2 Integration Concepts
OHI Components applications are designed to operate as a component in a
component-based or service oriented architecture. This guide provides an
overview of the
integration capabilities of OHI Components applications. Additional information
with respect to OHI Components applications integration points is available in
other guides, for example:
- See the Installation Guide for service endpoint URLs and configuration options for these
- See the Security Guide for guidance on properly securing integration endpoints
2.1 Integrating with OHI Components Applications
This chapter introduces techniques and patterns used for integrating with OHI Components applications. The following principles played an important role for designing the integration services:
- Use of well-known, proven standards that are widely supported by tools and middleware of many vendors in the IT industry
- Avoid interoperability issues, allowing customers to use OHI Components applications with the IT services they already own and operate
Common integration techniques used in OHI Components applications are:
- File-based integration is used for importing or exporting large sets of data. Examples include imports of ICD-9 or ICD-10 code systems and export of financial messages that are generated in OHI Components Claims or OHI Components Value-Based Payments.
- SOAP web services are used for exchanging business data with other applications in a health insurance payer’s IT landscape. For SOAP web services in OHI Components applications the ‘service contract’ is defined by Oracle in the form of a WSDL that defines the service operations and XSDs that define the message payloads. Oracle also defines the WSDL and XSDs for web services that are called from OHI Components applications.

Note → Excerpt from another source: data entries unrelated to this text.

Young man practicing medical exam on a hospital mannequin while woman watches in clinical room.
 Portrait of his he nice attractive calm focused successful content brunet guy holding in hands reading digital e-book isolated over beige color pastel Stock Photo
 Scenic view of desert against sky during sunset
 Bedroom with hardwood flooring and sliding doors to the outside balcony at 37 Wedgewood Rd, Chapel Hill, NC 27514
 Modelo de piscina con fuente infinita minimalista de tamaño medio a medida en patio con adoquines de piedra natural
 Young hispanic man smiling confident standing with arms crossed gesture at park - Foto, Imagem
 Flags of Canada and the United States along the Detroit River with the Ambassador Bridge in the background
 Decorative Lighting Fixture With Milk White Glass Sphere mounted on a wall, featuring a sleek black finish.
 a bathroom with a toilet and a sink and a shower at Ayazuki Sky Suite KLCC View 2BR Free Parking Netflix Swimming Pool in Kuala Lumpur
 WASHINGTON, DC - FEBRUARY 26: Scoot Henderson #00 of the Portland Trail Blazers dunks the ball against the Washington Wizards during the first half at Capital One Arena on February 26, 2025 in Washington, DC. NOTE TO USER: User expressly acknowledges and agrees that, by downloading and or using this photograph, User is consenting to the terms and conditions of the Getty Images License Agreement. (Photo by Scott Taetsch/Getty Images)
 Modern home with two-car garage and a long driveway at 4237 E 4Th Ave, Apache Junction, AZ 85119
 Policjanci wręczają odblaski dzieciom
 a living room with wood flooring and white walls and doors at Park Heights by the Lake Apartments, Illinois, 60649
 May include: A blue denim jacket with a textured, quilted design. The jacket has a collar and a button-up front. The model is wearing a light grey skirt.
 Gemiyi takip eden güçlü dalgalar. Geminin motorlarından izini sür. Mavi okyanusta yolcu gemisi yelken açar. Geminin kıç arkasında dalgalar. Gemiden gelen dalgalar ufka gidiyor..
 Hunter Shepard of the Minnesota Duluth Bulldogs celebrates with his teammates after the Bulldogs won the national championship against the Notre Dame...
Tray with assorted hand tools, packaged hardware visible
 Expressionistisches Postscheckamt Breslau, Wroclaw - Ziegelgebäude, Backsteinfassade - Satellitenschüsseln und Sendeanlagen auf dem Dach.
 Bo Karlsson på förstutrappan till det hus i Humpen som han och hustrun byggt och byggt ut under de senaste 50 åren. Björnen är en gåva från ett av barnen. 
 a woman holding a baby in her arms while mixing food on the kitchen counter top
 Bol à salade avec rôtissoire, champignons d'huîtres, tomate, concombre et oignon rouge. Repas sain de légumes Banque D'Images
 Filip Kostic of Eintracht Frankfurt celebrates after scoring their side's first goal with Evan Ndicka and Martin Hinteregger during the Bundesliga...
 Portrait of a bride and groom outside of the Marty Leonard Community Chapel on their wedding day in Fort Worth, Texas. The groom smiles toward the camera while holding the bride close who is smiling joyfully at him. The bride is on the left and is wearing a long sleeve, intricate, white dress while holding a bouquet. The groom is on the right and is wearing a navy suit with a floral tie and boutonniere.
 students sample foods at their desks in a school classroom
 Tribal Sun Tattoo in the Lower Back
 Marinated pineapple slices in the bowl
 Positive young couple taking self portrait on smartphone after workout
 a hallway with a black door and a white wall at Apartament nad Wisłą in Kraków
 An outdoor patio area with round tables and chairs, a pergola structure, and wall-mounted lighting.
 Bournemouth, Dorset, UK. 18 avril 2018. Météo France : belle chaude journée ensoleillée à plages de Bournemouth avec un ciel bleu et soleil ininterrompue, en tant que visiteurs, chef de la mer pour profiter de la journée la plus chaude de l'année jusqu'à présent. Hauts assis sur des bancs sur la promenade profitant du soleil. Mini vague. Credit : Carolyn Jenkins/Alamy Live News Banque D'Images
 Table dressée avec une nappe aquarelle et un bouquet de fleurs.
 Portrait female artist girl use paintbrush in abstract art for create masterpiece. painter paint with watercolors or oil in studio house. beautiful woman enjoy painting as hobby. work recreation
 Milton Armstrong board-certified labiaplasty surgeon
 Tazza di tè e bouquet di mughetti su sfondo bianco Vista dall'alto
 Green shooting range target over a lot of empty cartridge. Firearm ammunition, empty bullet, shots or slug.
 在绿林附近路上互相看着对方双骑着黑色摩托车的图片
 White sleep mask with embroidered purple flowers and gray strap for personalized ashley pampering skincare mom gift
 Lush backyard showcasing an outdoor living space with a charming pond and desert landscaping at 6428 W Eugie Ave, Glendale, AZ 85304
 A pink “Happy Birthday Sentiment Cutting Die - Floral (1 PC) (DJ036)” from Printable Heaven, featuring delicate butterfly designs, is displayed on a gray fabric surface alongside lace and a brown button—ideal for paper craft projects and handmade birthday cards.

- RESTful style web services are also available for interacting and integrating with OHI Components applications. Formal specifications for RESTful services is available in the form of RAML documents that are bundled with each application.
Going forward, any new services will be developed as RESTful services, no new SOAP services will be added.
Oracle develops SOAP web services with JAX-WS, the reference implementation for developing SOAP web services in Java whereas RESTful services are constructed using JAX-RS, the reference implementation for developing RESTful web services in Java.
All web services in OHI Components applications perform stateless operations.